Mrs. Martinez has over 12 years of experience working in economic development and business consulting. Her vision has been defined by the variety of experiences she’s had with nonprofits and universities in South and North America. She has developed bilingual, culturally appropriate entrepreneurial training programs; trained and coached pre-venture and startups; developed international networks promoting partnerships among private corporations that boost industries; provided consulting services to vulnerable communities to explore entrepreneurship as a way to generate wealth; and owned her own business consulting firm.
Before moving to California in 2017, Mrs.

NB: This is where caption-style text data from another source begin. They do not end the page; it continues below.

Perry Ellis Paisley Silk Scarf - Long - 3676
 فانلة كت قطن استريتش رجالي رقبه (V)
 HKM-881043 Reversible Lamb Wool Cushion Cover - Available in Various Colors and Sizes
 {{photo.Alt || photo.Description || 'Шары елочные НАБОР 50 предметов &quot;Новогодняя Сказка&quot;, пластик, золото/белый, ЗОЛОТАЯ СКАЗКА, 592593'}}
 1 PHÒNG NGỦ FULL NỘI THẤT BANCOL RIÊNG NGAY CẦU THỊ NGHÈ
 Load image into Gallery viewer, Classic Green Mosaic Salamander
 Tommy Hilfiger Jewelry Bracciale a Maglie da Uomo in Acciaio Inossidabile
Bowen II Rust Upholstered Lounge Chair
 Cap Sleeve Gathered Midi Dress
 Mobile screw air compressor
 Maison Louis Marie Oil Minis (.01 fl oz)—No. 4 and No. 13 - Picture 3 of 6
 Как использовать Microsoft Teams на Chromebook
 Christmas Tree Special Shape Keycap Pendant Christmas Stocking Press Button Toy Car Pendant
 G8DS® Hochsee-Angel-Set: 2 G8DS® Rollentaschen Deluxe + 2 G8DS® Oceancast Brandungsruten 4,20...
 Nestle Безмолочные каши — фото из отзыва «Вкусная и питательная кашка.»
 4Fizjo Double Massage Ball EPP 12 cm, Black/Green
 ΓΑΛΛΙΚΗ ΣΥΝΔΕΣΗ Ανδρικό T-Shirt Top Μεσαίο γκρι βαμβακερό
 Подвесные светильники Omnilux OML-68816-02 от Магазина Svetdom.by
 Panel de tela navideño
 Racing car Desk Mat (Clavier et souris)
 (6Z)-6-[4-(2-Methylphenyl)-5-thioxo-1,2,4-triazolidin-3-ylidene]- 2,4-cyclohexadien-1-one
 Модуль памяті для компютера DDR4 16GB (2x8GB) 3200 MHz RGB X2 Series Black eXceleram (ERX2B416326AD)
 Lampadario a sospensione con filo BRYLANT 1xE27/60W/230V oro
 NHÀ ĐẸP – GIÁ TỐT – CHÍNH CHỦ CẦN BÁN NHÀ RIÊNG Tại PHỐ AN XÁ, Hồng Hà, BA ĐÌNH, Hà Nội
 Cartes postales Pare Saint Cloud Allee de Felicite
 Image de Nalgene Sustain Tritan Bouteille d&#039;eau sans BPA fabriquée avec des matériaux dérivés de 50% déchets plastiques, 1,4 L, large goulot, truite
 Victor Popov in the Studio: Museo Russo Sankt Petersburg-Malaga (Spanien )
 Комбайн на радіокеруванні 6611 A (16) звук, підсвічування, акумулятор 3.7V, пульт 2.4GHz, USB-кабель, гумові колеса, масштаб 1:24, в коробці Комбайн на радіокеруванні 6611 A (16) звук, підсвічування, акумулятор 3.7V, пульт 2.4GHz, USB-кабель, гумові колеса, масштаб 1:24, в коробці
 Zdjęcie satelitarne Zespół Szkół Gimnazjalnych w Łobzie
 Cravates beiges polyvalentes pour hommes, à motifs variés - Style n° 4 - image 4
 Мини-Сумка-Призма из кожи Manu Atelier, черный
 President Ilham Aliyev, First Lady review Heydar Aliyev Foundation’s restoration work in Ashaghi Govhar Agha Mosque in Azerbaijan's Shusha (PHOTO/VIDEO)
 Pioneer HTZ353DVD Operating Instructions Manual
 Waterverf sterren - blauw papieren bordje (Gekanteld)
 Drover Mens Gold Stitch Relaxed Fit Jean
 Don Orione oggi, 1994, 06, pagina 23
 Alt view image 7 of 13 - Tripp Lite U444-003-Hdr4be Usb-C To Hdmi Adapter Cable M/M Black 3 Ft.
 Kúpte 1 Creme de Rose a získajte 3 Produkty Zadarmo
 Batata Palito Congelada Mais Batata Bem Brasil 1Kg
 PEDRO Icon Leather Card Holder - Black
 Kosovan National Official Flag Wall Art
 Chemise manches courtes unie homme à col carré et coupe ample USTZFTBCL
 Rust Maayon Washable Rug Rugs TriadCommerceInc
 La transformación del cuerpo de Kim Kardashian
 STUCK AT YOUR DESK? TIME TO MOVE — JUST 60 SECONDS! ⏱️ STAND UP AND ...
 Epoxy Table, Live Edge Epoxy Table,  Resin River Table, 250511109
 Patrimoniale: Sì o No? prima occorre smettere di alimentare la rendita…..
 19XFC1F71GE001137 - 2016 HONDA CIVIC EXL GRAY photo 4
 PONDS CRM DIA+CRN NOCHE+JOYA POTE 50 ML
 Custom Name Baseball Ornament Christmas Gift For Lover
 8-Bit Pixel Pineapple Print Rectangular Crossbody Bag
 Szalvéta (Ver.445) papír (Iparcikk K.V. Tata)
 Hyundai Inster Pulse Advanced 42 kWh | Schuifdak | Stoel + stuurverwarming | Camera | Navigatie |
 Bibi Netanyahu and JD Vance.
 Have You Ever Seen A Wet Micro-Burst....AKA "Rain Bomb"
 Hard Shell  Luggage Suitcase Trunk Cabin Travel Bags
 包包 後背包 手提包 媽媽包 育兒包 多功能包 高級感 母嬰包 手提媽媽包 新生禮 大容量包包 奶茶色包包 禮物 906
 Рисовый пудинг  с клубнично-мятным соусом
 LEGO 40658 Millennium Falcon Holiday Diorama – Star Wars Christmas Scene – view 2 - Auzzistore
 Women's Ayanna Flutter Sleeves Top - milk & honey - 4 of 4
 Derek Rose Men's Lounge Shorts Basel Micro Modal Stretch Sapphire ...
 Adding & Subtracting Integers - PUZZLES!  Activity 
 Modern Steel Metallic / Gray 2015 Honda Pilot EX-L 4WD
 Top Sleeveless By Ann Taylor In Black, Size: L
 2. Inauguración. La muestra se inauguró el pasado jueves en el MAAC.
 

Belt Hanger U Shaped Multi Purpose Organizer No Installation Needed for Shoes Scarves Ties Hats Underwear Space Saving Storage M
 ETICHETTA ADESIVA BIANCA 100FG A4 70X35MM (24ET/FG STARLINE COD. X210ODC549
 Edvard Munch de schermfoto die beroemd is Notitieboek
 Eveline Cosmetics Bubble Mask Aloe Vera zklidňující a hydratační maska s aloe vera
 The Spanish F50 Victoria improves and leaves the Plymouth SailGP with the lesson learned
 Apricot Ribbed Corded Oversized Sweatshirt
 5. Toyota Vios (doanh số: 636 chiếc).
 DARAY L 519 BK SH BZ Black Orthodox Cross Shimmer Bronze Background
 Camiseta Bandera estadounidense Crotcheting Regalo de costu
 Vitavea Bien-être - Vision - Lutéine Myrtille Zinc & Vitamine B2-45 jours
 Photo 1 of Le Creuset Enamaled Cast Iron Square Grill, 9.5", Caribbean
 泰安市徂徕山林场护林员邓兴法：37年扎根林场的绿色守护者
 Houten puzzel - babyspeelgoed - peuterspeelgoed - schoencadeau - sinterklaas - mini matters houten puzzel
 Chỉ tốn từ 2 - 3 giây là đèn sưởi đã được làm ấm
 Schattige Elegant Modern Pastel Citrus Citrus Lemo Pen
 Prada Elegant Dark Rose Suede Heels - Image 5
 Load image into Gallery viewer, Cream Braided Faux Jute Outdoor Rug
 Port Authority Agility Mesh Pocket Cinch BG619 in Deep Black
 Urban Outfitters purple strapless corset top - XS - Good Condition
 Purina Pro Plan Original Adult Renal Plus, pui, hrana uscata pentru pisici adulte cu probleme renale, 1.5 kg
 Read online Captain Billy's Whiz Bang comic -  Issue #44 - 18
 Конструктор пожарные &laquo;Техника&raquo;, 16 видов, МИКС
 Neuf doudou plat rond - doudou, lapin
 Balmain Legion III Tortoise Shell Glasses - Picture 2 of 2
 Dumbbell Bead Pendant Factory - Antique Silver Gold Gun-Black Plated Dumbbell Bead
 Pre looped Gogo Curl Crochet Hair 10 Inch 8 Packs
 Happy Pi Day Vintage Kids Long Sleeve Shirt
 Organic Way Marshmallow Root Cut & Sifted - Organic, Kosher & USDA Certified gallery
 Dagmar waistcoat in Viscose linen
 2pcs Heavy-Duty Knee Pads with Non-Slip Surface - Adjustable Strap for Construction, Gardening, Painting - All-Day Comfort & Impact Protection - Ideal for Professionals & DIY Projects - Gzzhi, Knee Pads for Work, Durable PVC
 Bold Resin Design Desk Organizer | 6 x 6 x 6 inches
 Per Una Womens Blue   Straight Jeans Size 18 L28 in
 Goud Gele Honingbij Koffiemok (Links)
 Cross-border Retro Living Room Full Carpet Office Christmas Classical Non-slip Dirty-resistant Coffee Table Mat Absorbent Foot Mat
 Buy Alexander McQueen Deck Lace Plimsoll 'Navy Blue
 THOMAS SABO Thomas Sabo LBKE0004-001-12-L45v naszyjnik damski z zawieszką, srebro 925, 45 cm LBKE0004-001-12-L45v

Martinez was appointed to the Pennsylvania Governor’s Advisory Commission on Latino Affairs and served as Chairwoman for the Berks County Latino Chamber of Commerce in Pennsylvania.
Doug Schaeffer is a financial executive with more than 30 years of experience managing critical business operations. Launching his career in 1984, he has served at every level of banking. Upon graduating from college, he worked for KPMG, GE Capital Mortgage, JPMorgan Chase, and Ally Financial. Schaeffer has held multiple positions, including: Chief Financial Officer, Chief of Staff, Strategy Executive, Deputy General Manager, Managing Director—Treasury, and Community Reinvestment Act (CRA) Executive. He has led the improvement of large community reinvestment programs resulting in regulator-approved CRA strategic plans; improved examination results; and, the transformation of programs into sustainable profit-oriented businesses.
Schaffer joined the executive leadership team at Woodforest National Bank in 2015 as EVP-CRA Director. He leads CRA efforts, including a team of 30+ CRA professionals. His role is centered on creating innovative strategies to increase the impact of Woodforest National Bank’s expansive CRA program, which covers 17 states and over 200 CRA assessment areas.
Schaeffer sits on the boards of CEI Capital Management and the National Association of Affordable Housing Lenders. He also serves on the Board of Trustees for Moorestown Theater Company, and volunteers his time supporting Strong Women Strong Girls and other charities. Schaeffer is a Rutgers University alumnus and a Beta Gamma Sigma graduate of Drexel University.